The Dickinson Press reported House Bill 1298 passed the state’s House by a 69-25 vote, and a more narrow 27-20 vote in the Senate. Now, the bill requires a two-thirds majority in both the House and Senate to override Burgum’s veto. This would be possible in the House, based on the previous voting pattern, but appears unlikely in the North Dakota Senate.
Burgum said there is no evidence in North Dakota supporting the often-cited argument that “fairness” in girls’ and women’s sport is endangered by allowing trans people to play on teams that align with the gender.
“North Dakota today has a level playing field and fairness in girls’ sports,” Burgum said. “We have every confidence that they will continue to ensure a level playing field for the 27,000 students who participate in North Dakota high school sports.”
But Libby Skarin, campaigns director for the ACLU of North Dakota, said HB 1298 was “never about levelling the playing field for student-athletes”. Instead, she argued: “It was obvious from the beginning that this discriminatory legislation was about creating solutions to problems that don’t exist and, in the process, harming some of the most vulnerable people in our state.

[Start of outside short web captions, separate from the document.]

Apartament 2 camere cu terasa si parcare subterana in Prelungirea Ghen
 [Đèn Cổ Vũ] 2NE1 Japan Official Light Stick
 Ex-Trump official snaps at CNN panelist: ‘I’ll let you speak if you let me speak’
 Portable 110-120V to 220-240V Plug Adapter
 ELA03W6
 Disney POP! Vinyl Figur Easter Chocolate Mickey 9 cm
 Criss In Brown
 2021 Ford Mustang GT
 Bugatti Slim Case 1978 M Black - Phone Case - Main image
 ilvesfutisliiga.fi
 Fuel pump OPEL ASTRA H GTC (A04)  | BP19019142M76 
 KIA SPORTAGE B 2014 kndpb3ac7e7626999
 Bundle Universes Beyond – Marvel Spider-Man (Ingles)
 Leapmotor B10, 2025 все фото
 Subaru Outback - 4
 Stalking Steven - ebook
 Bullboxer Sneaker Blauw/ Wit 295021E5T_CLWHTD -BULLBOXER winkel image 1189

“Nobody wins when politicians try to meddle in people’s lives like this. Nobody wins when we try to codify discrimination like this.”
However, this victory for trans rights comes days after Burgum signed into law House Bill 1503, which would effectively allow student groups at colleges and universities to discriminate against LGBT+ students.
Supporters of the bill said it is intended to prevent the infringement of First Amendment rights across the 11 North Dakota public colleges. HB 1503 will forbid campuses from limiting unpopular or offensive opinions to selected “free speech zones” on school grounds. The bill also stated that campuses can’t refuse funding to a student group based on its viewpoint or prohibit guest speakers based on their views or content of the speech, according to CBS-affiliate KX News.
But the law is odd considering that Lisa Johnson, the vice-chancellor of academic/student affairs for the North Dakota University System, told KX News that there have been “no reports of violations of First Amendment rights, freedom of speech, at any of our institutions for the last 12 years”.
But the Human Rights Campaign (HRC) said in a statement that HB 1503 would allow student organisations in North Dakota “to discriminate against LGBTQ students under the guise of free speech”. HRC’s president Alphonso David called Burgum’s decision to “sign this discriminatory bill” “shameful” because it “undermines non-discrimination policies at colleges, universities and high schools across the state”.
“This law is nothing more than a harmful attempt by governor Doug Burgum and North Dakota legislators to discriminate against LGBTQ and other marginalised communities,” David said. “No student should be denied full access to and enjoyment of educational, social and leadership opportunities typically offered by colleges and universities because of who they are.”
According to KX News, the bill will officially take effect on 1 August. It previously passed in the North Dakota House by a 65-29 vote, and a 35-12 vote in the Senate.